Run, run, run.
Some days, it feels like that’s all you do. Run the kids to school, dash to work, rush with errands, and run yourself ragged before bed. You’re always on the go, always moving, and in the new book “Never Caught” by Erica Armstrong Dunbar, your breath isn’t the only thing to catch.
Twenty-one-year-old Mulatto Betty must’ve breathed a sigh of relief.
When Martha Custis married George Washington, slaves were shuffled as the mistress moved to Mount Vernon; miraculously and notably, Betty moved and was allowed to keep her baby son with her. She was pregnant, too, by a White man with an “indenture agreement” and an eye for opportunity; their eldest daughter was born in mid-1773, and given the unusual name of Ona Maria.
At age 10, “Oney” Judge was brought inside the Washington household, in service to Martha Washington. There, the illiterate girl learned to care for Martha’s clothing, to bathe the mistress, tend her grandchildren, and soothe anxieties—one of which was that Martha’s husband had been asked to be the nation’s first president, a post that Martha Washington wasn’t keen on—and neither was Judge.

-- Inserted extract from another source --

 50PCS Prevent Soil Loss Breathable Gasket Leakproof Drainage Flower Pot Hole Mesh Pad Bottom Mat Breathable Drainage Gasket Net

But, of course, Washington did take the position, which meant a household move from Virginia to Manhattan (the site of the first Executive Mansion) for the family and a handful of slaves, including Judge. It’s there, says Dunbar, where Judge most certainly tasted freedom through rare autonomy.
She was undoubtedly unhappy, therefore—but couldn’t speak her mind—when the Executive Mansion was relocated to Philadelphia in 1790.